WHAT THE EXERCISE ASKS
Here is the task for the records below: repeat exactly the lines from the one with "size backpack (12x12in)" to the one with "Panorama Beach House", both included, and nothing else.

SOURCE RECORDS
= = = = = = =

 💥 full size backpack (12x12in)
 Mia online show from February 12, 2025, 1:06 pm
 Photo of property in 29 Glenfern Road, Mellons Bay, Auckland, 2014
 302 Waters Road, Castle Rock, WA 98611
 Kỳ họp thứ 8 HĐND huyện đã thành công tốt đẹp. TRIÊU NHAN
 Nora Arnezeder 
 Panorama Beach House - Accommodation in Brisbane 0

= = = = = = =

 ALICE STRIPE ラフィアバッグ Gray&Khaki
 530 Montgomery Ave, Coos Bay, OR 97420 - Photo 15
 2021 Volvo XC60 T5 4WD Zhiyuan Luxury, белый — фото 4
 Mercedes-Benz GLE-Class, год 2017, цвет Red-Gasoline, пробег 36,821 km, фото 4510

= = = = = = =

RESPONSE BOX
 💥 full size backpack (12x12in)
 Mia online show from February 12, 2025, 1:06 pm
 Photo of property in 29 Glenfern Road, Mellons Bay, Auckland, 2014
 302 Waters Road, Castle Rock, WA 98611
 Kỳ họp thứ 8 HĐND huyện đã thành công tốt đẹp. TRIÊU NHAN
 Nora Arnezeder 
 Panorama Beach House - Accommodation in Brisbane 0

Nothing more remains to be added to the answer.